**Listed entries:**
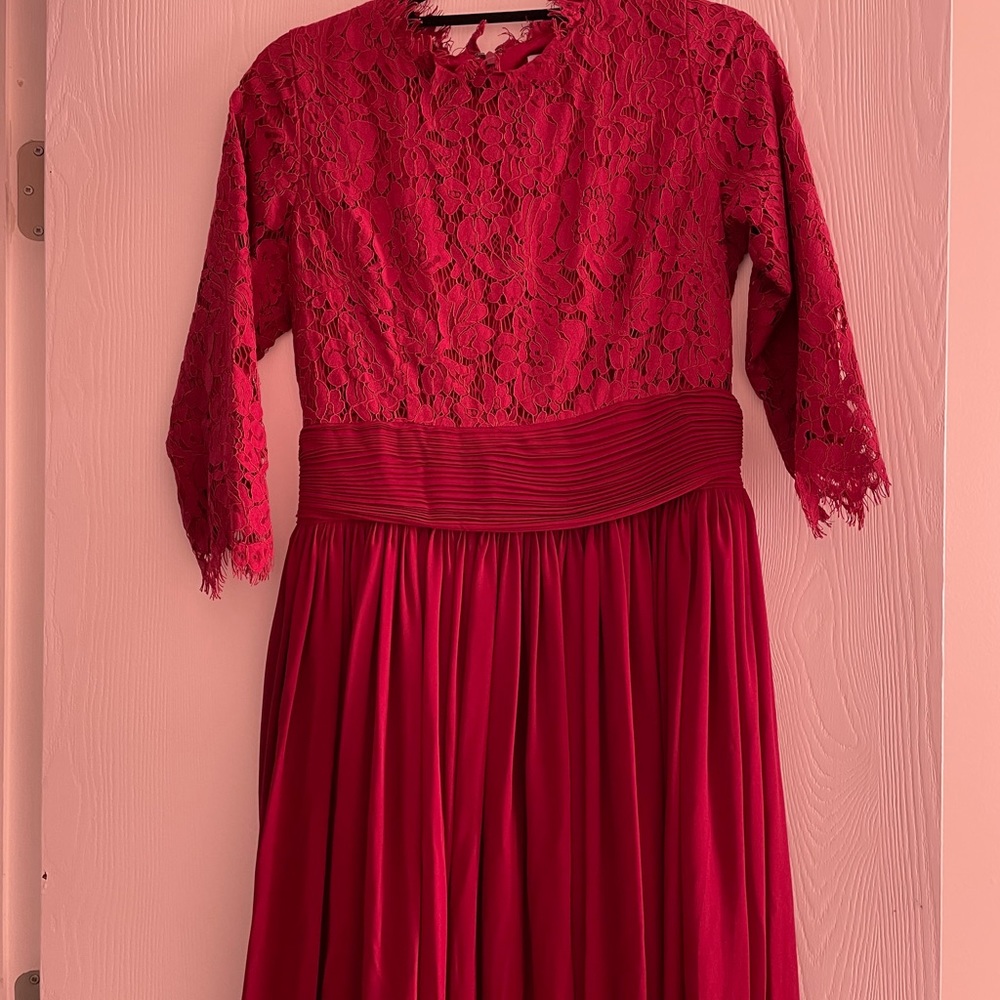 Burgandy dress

* * *

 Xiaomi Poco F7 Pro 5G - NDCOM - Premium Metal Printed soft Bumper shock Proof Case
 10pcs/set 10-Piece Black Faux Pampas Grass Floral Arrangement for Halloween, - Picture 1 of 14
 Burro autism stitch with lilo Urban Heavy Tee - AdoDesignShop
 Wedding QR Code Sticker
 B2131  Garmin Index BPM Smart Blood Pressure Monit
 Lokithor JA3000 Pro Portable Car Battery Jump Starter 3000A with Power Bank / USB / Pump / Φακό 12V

...

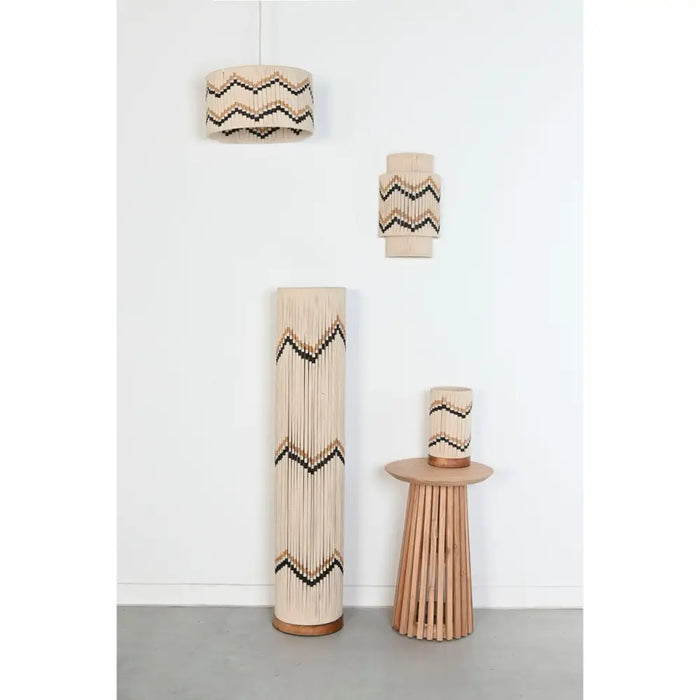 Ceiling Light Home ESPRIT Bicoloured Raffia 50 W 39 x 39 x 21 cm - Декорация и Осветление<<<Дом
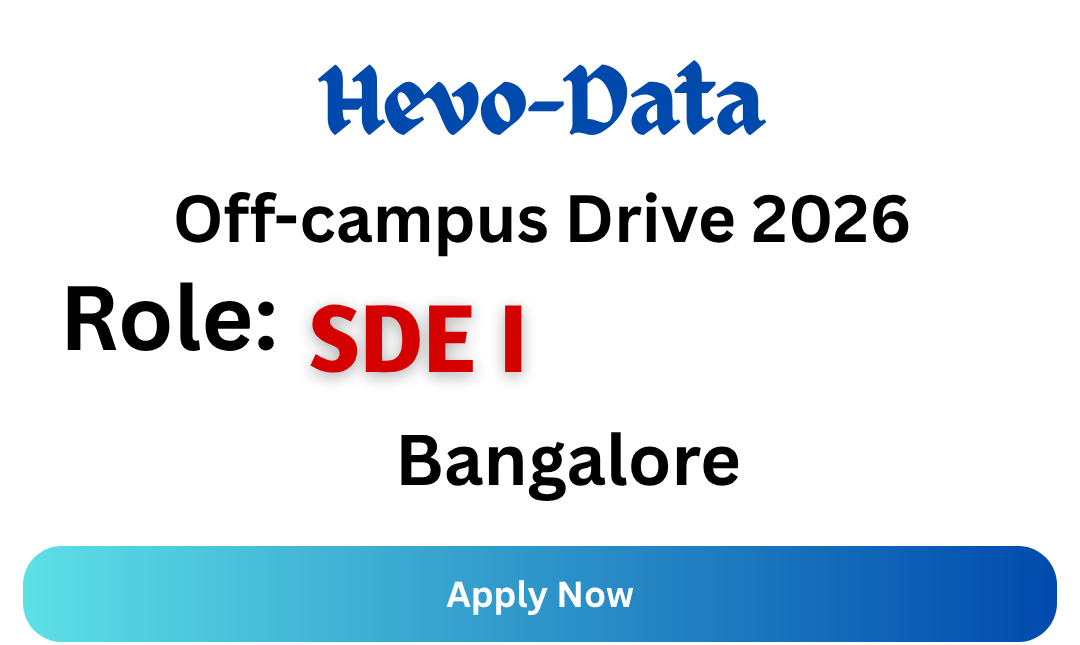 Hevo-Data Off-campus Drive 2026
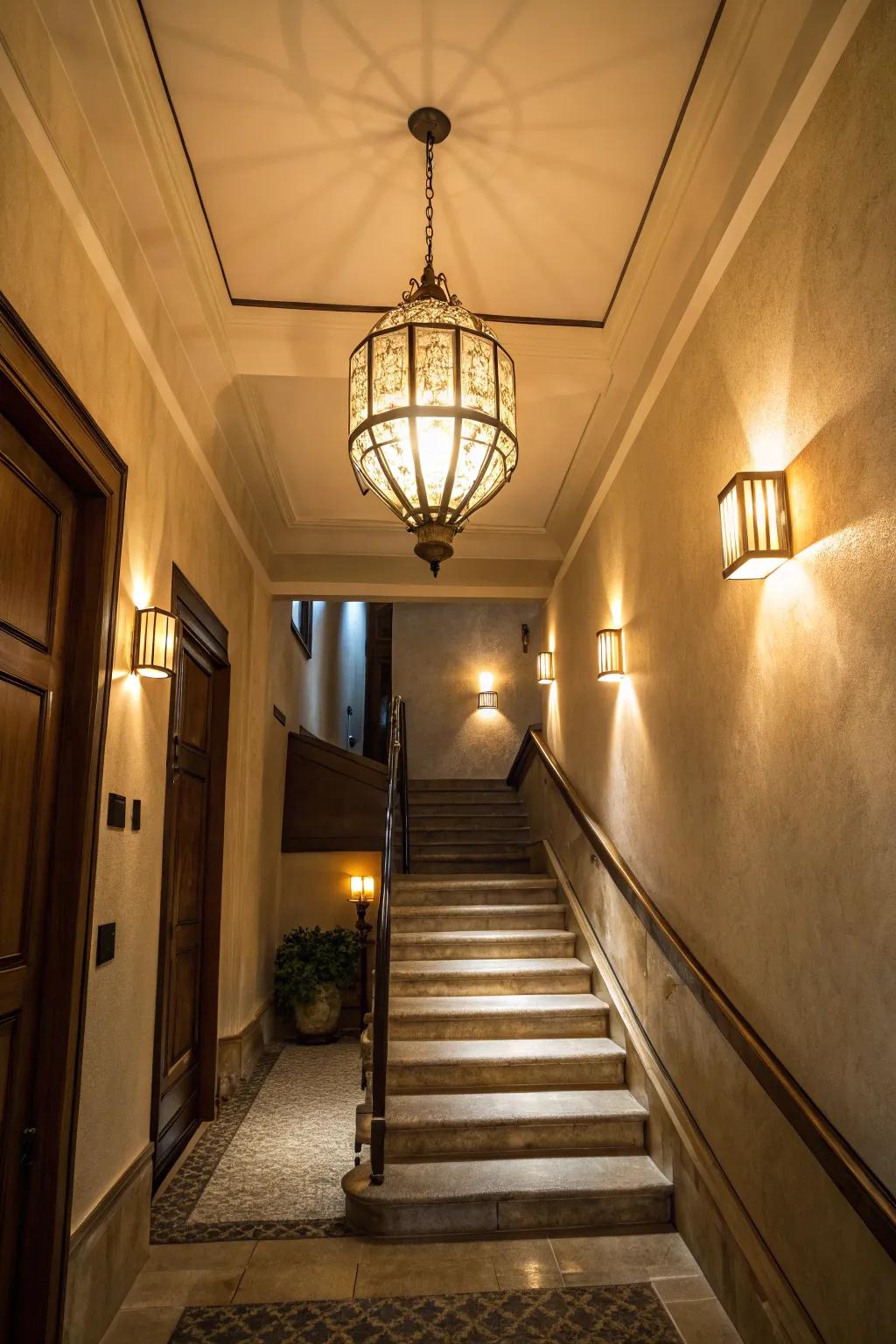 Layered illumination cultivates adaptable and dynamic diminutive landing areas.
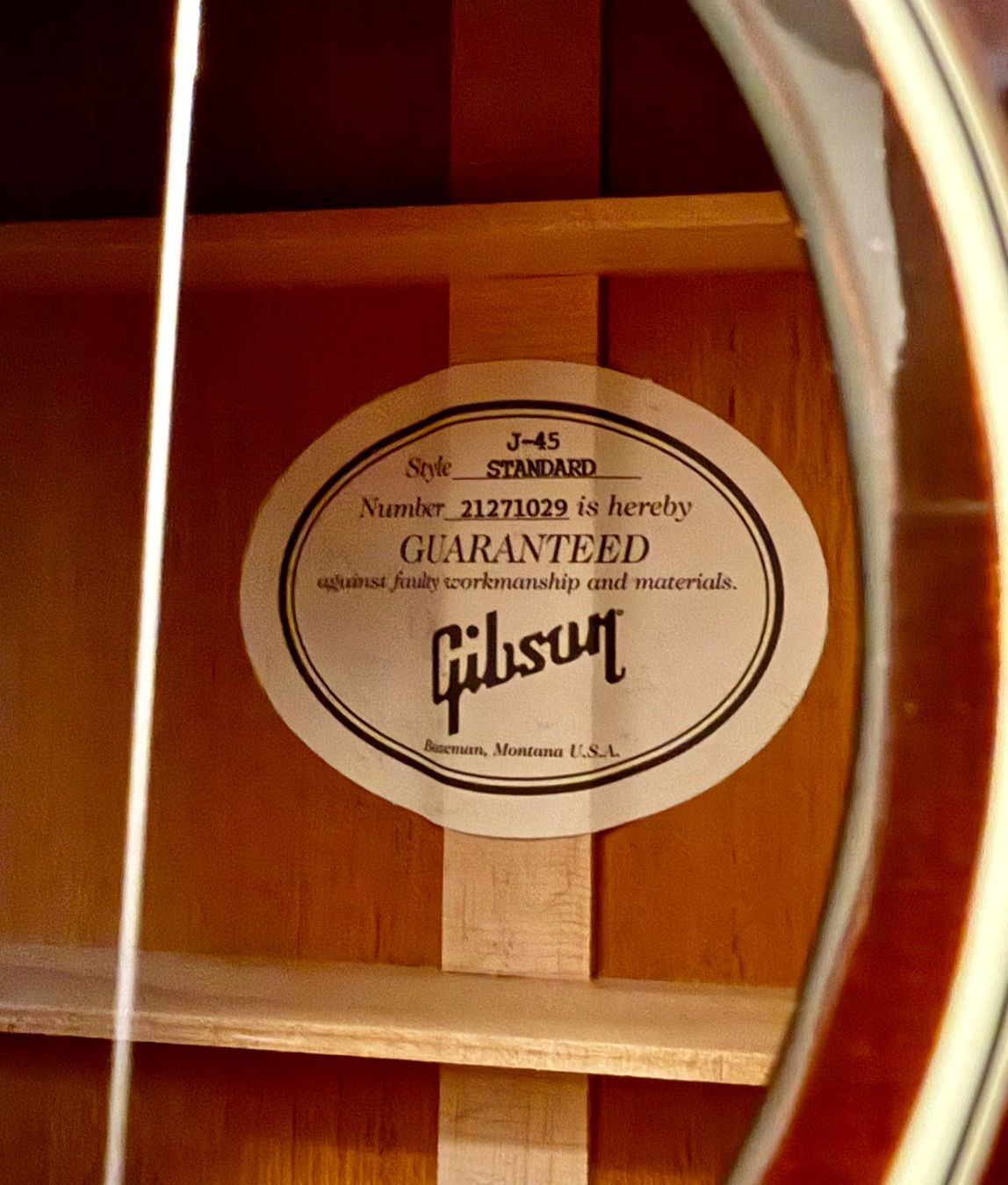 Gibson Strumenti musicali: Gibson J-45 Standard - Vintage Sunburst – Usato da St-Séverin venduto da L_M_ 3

**Exercise prompt:**
In the records above, how many lines contain the string "with"? Only that number should be written.

**Task answer:**
2